As the summer months approach, it is almost time to open your swimming pools for the season. According to the Centers for Disease Control and Prevention (CDC), people in the United States make more than 300 million trips to pools and other swimming areas each year. Unfortunately, not every swimming pool is safe or clean. The CDC reports that following routine health and safety inspections, 1 in 8 pools are forced to close for violations. Unsafe and unsanitary swimming pool conditions can lead to drowning, outbreaks, and emergency room visits.

Who is liable for swimming pool accidents?

The owner of the swimming pool is responsible for keeping the pool and the surrounding areas safe and secure. If someone is injured because the pool or its surrounding area were unsafe, the owner of the pool can be held liable. One way people can be injured is through insufficient or unsafe pool chemicals.

Pool Chemicals

pool chemicalsChlorine, bromine, and other chemicals are used to help protect people who swim in pools, namely to prevent the spread of germs, prevent outbreaks, improve water quality, stop corrosion, protect against algae growth, and help with the disinfection process. However, unsafe storage and use of these products can cause fires, create toxic gas, and cause poisoning, burns, and skin and eye injuries.

The CDC estimates that between 3000 and 5000 people visit the Emergency Department (ED) every year for injuries related to pool chemicals, almost half of whom are children. According to a Morbidity and Mortality Weekly Report by the CDC in 2019, between 2008 and 2017, there were approximately 4,535 annual pool chemical-related ED visits in the United States. From 2015 to 2017 alone, pool chemical injuries resulted in an estimated 13,508 total ED visits, with one-third being minors. Most occurred in residential homes. The most frequent causes of injury were inhalation of chemical fumes or dust, access to unsecured chemicals by children, and skin contact immediately after adding chemicals to the water.

Pool Chemical Safety Tips

Below are a few safety tips for the storage, use, and disposal of pool chemicals.


  • Follow the manufacturer’s instructions.
  • Store the chemicals in a locked, temperature-controlled environment, away from children, pets, and others, and in compliance with local or state building and fire codes.
  • Keep the pool chemical storage area free of debris, trash, and away from combustible and flammable materials.
  • Don’t store containers of liquids above other containers of pool chemicals to prevent accidental mixing of chemicals by leaking containers.
  • Never mix old chemicals and new chemicals together.
  • Use separate, designated scoops and containers.


  • Follow the manufacturer’s instructions.
  • Handle pool chemicals outdoors in a well-ventilated area.
  • Use proper protective equipment such as gloves, masks, and eye protection.
  • Never let children handle pool chemicals.
  • Always measure the pool chemical precisely to the instructions.
  • Place the chemicals in the water.

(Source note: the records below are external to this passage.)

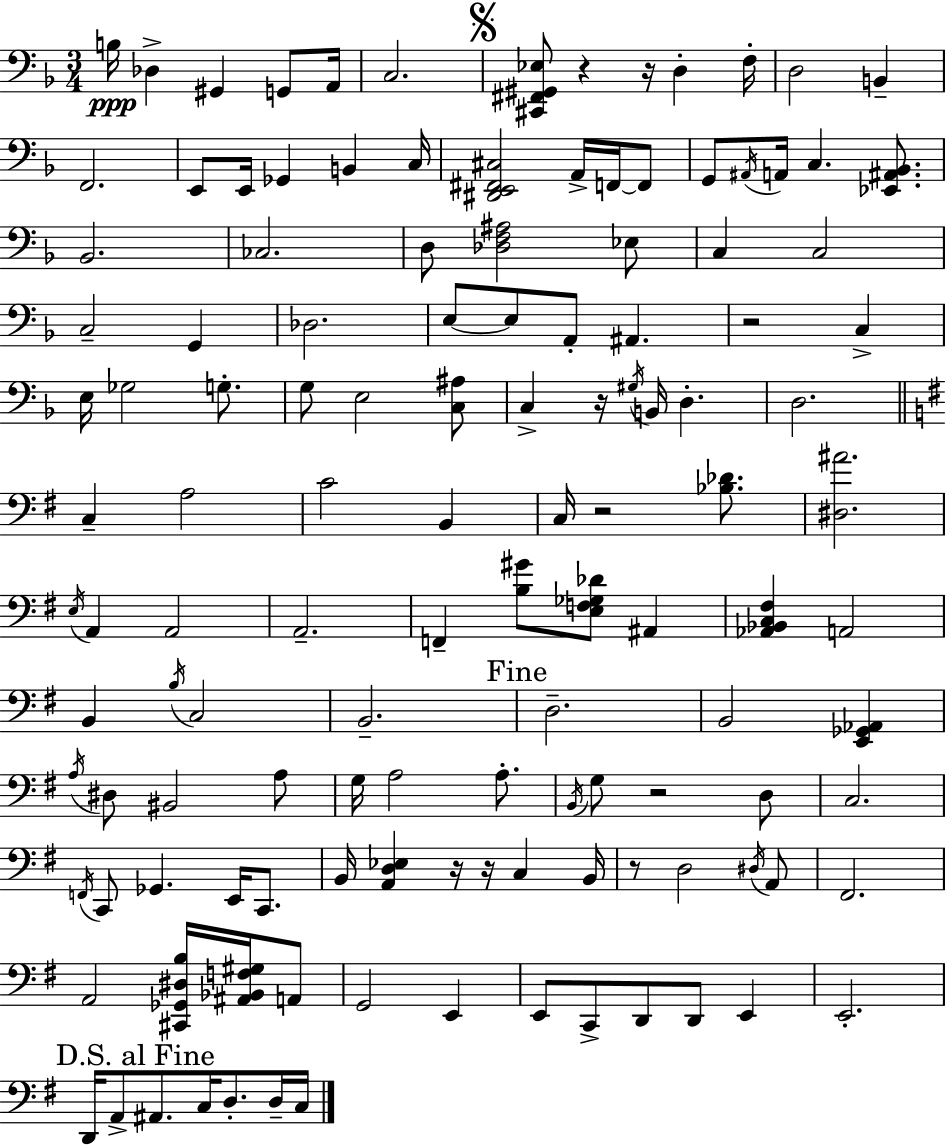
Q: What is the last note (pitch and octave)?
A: C3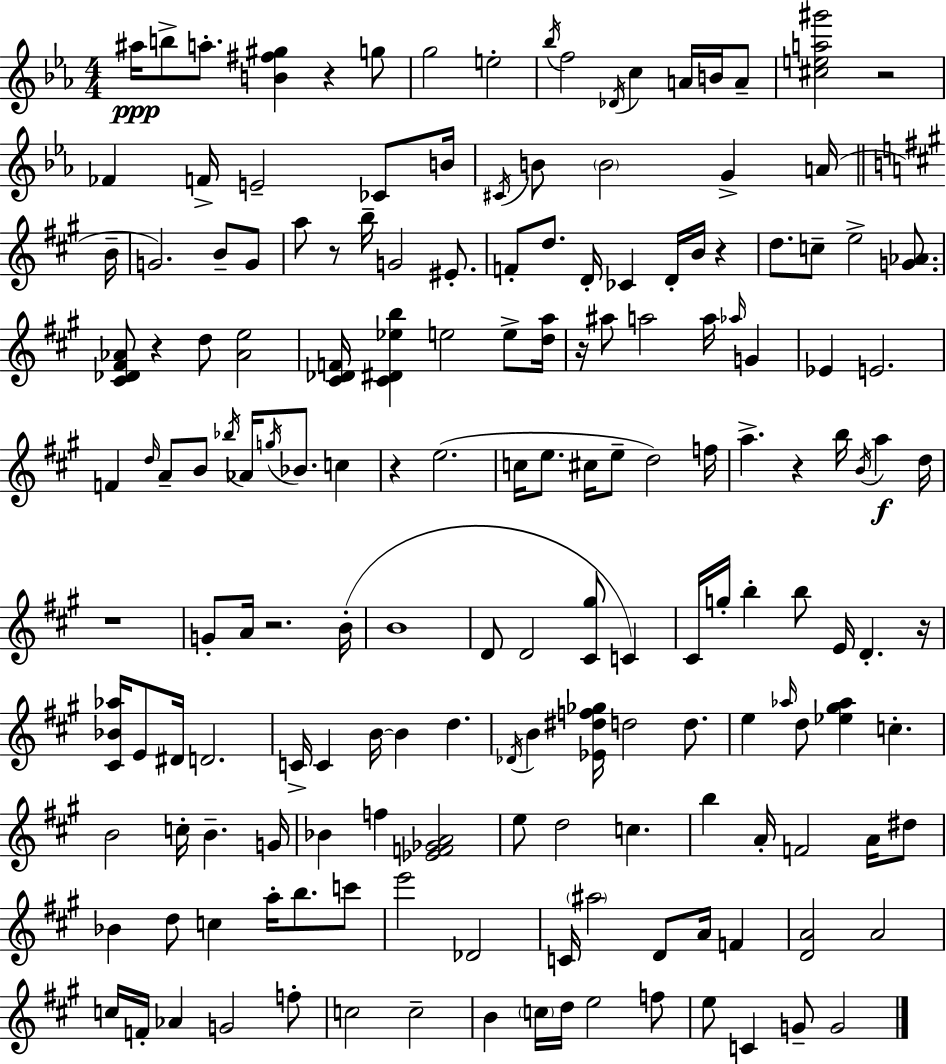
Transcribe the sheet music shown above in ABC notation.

X:1
T:Untitled
M:4/4
L:1/4
K:Eb
^a/4 b/2 a/2 [B^f^g] z g/2 g2 e2 _b/4 f2 _D/4 c A/4 B/4 A/2 [^cea^g']2 z2 _F F/4 E2 _C/2 B/4 ^C/4 B/2 B2 G A/4 B/4 G2 B/2 G/2 a/2 z/2 b/4 G2 ^E/2 F/2 d/2 D/4 _C D/4 B/4 z d/2 c/2 e2 [G_A]/2 [^C_D^F_A]/2 z d/2 [_Ae]2 [^C_DF]/4 [^C^D_eb] e2 e/2 [da]/4 z/4 ^a/2 a2 a/4 _a/4 G _E E2 F d/4 A/2 B/2 _b/4 _A/4 g/4 _B/2 c z e2 c/4 e/2 ^c/4 e/2 d2 f/4 a z b/4 B/4 a d/4 z4 G/2 A/4 z2 B/4 B4 D/2 D2 [^C^g]/2 C ^C/4 g/4 b b/2 E/4 D z/4 [^C_B_a]/4 E/2 ^D/4 D2 C/4 C B/4 B d _D/4 B [_E^df_g]/4 d2 d/2 e _a/4 d/2 [_e^g_a] c B2 c/4 B G/4 _B f [_EF_GA]2 e/2 d2 c b A/4 F2 A/4 ^d/2 _B d/2 c a/4 b/2 c'/2 e'2 _D2 C/4 ^a2 D/2 A/4 F [DA]2 A2 c/4 F/4 _A G2 f/2 c2 c2 B c/4 d/4 e2 f/2 e/2 C G/2 G2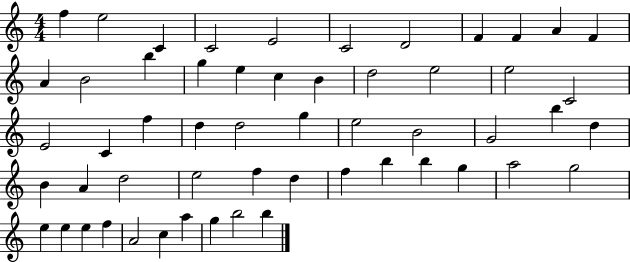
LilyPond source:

{
  \clef treble
  \numericTimeSignature
  \time 4/4
  \key c \major
  f''4 e''2 c'4 | c'2 e'2 | c'2 d'2 | f'4 f'4 a'4 f'4 | \break a'4 b'2 b''4 | g''4 e''4 c''4 b'4 | d''2 e''2 | e''2 c'2 | \break e'2 c'4 f''4 | d''4 d''2 g''4 | e''2 b'2 | g'2 b''4 d''4 | \break b'4 a'4 d''2 | e''2 f''4 d''4 | f''4 b''4 b''4 g''4 | a''2 g''2 | \break e''4 e''4 e''4 f''4 | a'2 c''4 a''4 | g''4 b''2 b''4 | \bar "|."
}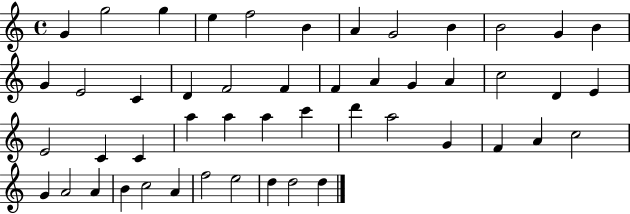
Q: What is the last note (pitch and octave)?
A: D5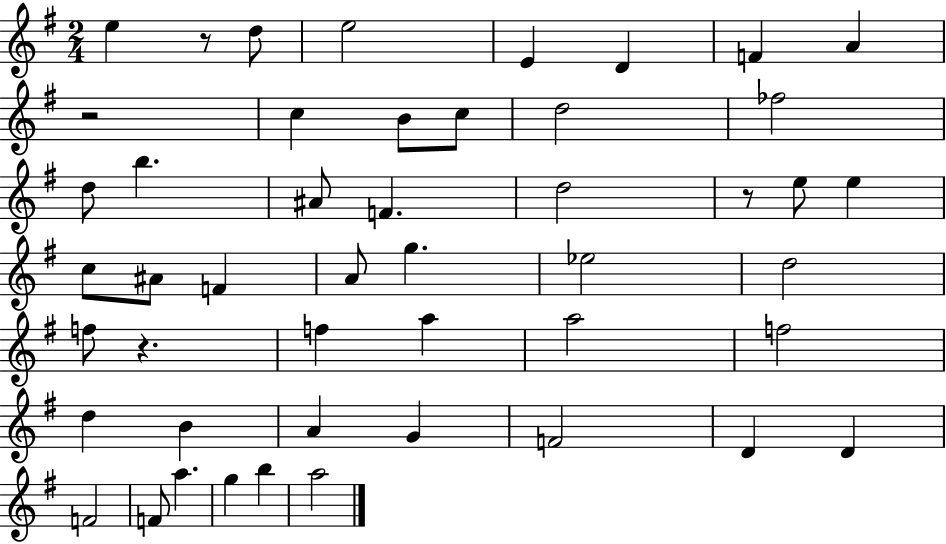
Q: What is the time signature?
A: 2/4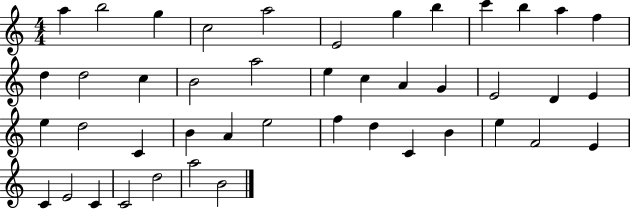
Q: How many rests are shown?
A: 0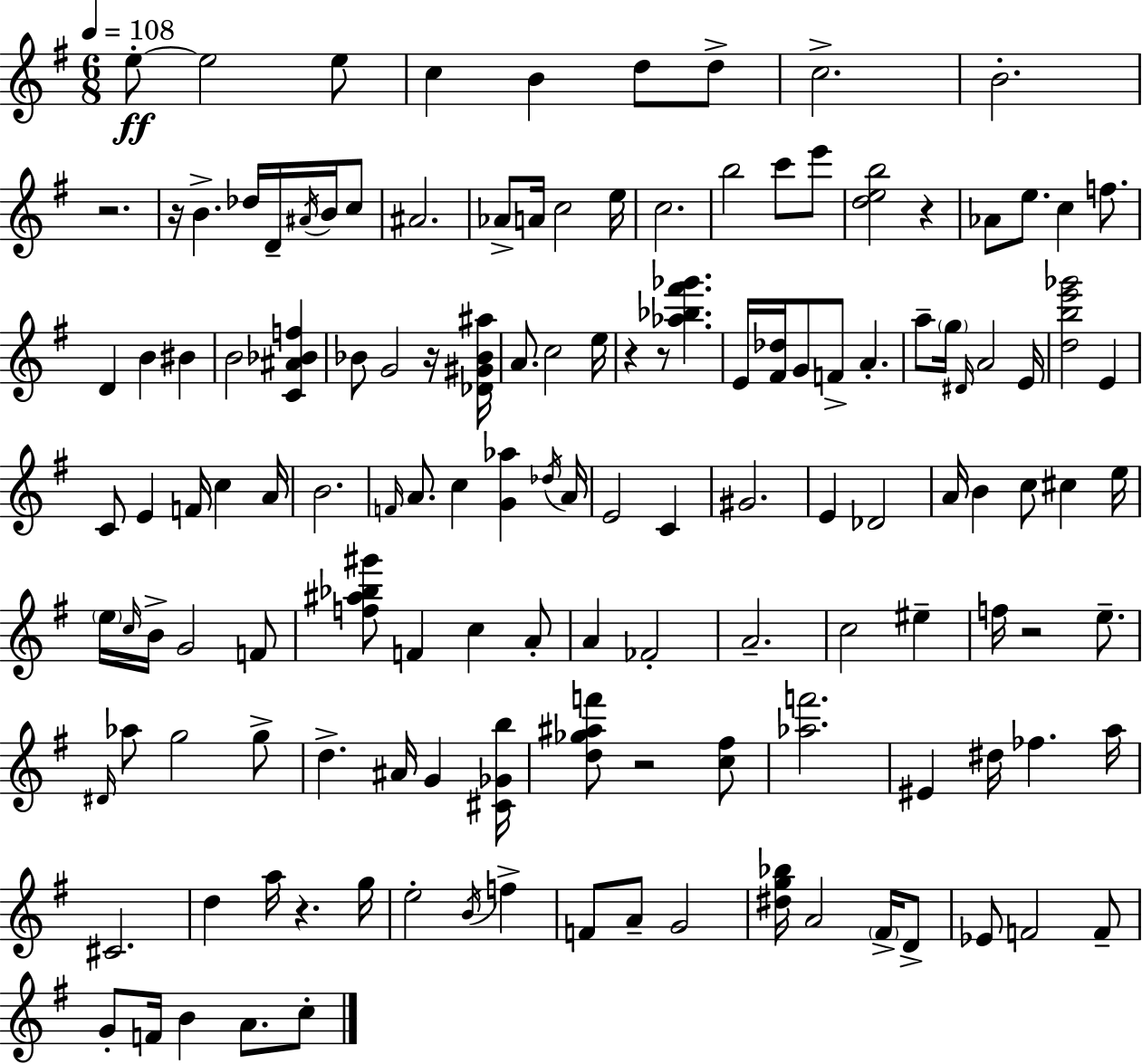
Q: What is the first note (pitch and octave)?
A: E5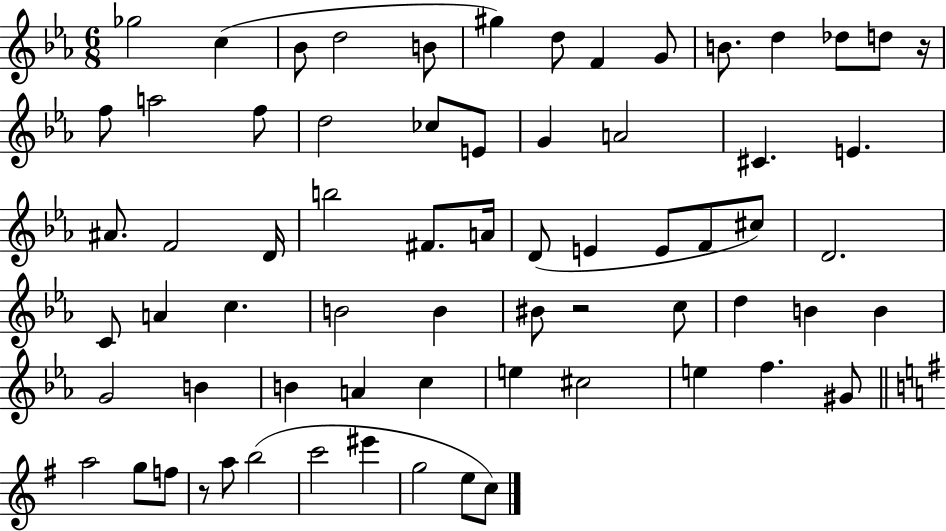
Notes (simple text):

Do not place the water in the chemicals.
  • Replace the lid on chemical containers when finished.
  • Open one pool chemical container at a time and always keep containers closed.
  • Make sure to very thoroughly clean any tool and equipment before using.
  • Clean spills immediately and properly dispose cleanup items.
  • Test the pool frequently to ensure that levels are within recommended ranges.


  • Do not dispose of pool chemicals in the trash or down the drain. Take pool chemicals to a household hazardous waste collection day in your community or to a commercial hazardous waste facility. Check to see if your local plant will accept bleach.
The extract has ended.